Scenic Sites of South Korea
- Official name: Gyeongpodae Pavilion and Gyeongpoho Lagoon, Gangneung
- Designated: 2013-12-30

= Gyeongpo Lake =

Lagoon in Gangneung, South Korea

Gyeongpo Lake is a lagoon in Gangneung, Gangwon Province, South Korea. It was designated as Scenic Site in 2013 with Gyeongpodae.

== Description ==
Gyeongpo Lake means "lagoon as clear as a mirror". It is the second biggest lagoon in the east coast. As it has excellent scenery, 13 pavilions such as treasures Gyeongpodae and Haeunjeong are distributed around the lake.

== History ==
Gyeongpo Lake was a bay 6,000 years ago but became a lagoon.

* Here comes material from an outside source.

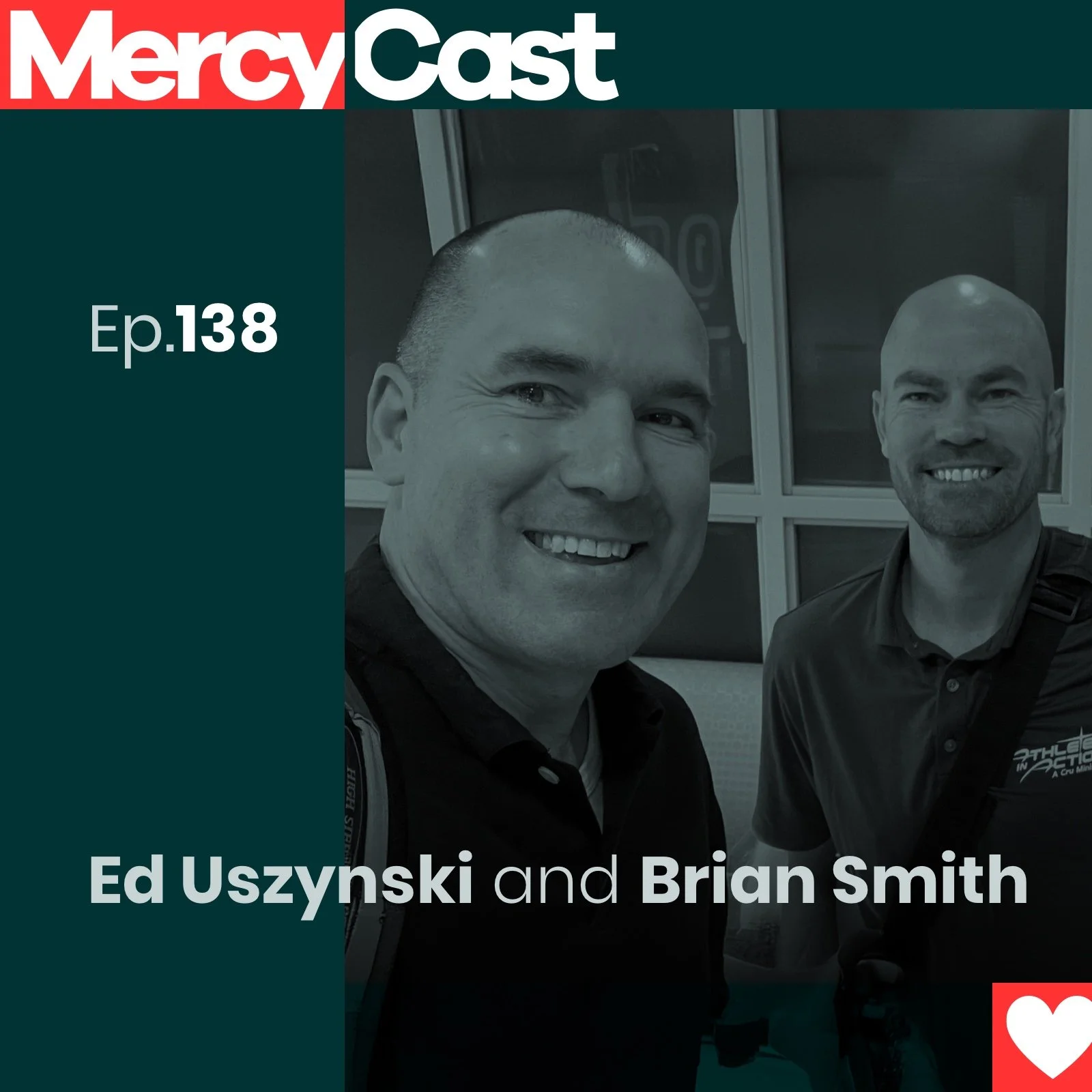 Ep. 138: Ed Uszynski and Brian Smith on helping parents navigate youth sports.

The area of the lake was continuously reduced due to soil influx from nearby river valley and artificial landfilling. It was 1.74 km^{2} in the 1910s but became 0.90 km^{2} in the 2000s.

In 1982, Gyeongpo Lake with Sageunjin Beach, Gyeongpo Beach, Gangmun Beach and Songjeong Beach were designated as Gyeongpo Provincial Park but in 2016, most of the beaches were excluded from the designation.

== Ecosystem ==
Ducks, cormorants and egrets inhabit the lake and migratory birds such as swans, mallards and white-naped cranes have been spotted.

According to 2004 research, the number of freshwater fish in Gyeongpo Lake sharply declined. The main cause is increased salinity due to consistent seawater inflow but reduced inflow from nearby streams.